McGregor brought four of his dancers to the workshop to aid in his demonstration. He began by describing that he would start with something that he could visualize – his house/ home, for example. That visualized thing would then become “the mental framework”, or “point of departure”, for a series of movements that he would share with his dancers in real time. He could likewise take music or sound and convert that to an image that would then become the point of departure.

He makes no decisions about the quality of the movements that come out of his kinesthetic response to this image. Rather, he works with how he and his dancers respond to those forms, building sets of movements that become the material he works with. He collects the movements, in a way, and puts “the forms in front of me like objects of clay”.

He demonstrated this by giving one of his dancers, Jess Wright, a combination of movements. The combination is complex and delivered quickly verbally by McGregor. Since his dancers are familiar with McGregor’s work and consummately skilled they are able to grasp the combination immediately and repeat it. He asks the three other dancers to use some part of the combination to create their own combinations. He gives a second dancer, Travis Clausen-Knight, a second combination. Where he gave Jess the combination by saying the steps and occasionally dancing them, he dances the entire combination for Travis.

There is a difference in the way these combinations of steps are kinesthetically reproduced by the dancers: McGregor has an unusual body type, thin and sinuous, very loose at the joints. What Jess and Travis — she with a more compact body, he with a more compact and muscularly knit body – sketch back is just that: a sketch. This is also true for the other dancers. There is a transformation that occurs in the very portrayal of the same steps. As David Kirsh, the Professor of Cognitive Science at U.C. San Diego and R-Research collaborator who observed the workshop from on-stage later noted, each body has its own signature. And built into this body difference is physical reinterpretation that can lead the movements in various directions.

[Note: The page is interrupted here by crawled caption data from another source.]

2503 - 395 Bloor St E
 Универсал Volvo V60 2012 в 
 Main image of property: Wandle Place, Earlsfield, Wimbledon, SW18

McGregor added into the mix an additional set of images to kinetically reinterpret. He gave each dancer a word – green, lost, star, grain, root – and asked them to respond to those words physically. The words he cited were not just objects, one is a quality, one a state of being. Each dancer immediately formed a combination of four to eight steps. McGregor then set the four dancers in action by changing the timing of each dancer, the staggered repetitions and responses to his choreography and to each other’s choreography created a dense field of motion and movement.

As the audience could see: a lot of dance material had been created. And as McGregor pointed out if you do this kind of collaboration for twelve weeks, you have “hours and hours of stuff”. Kirsh also pointed out that this kind of interaction and collaboration creates a “stochastic algorithm” – a means by which randomness can be inserted and maintained within the making of choreography. “Randomness,” he holds “is an energetic addition to the process.” It is also a means by which newness can be added to the creative process, because information – in this case, differences of body, movement and response – comes from outside the individual in a continuous cycle of new movement, response, and reinterpretation.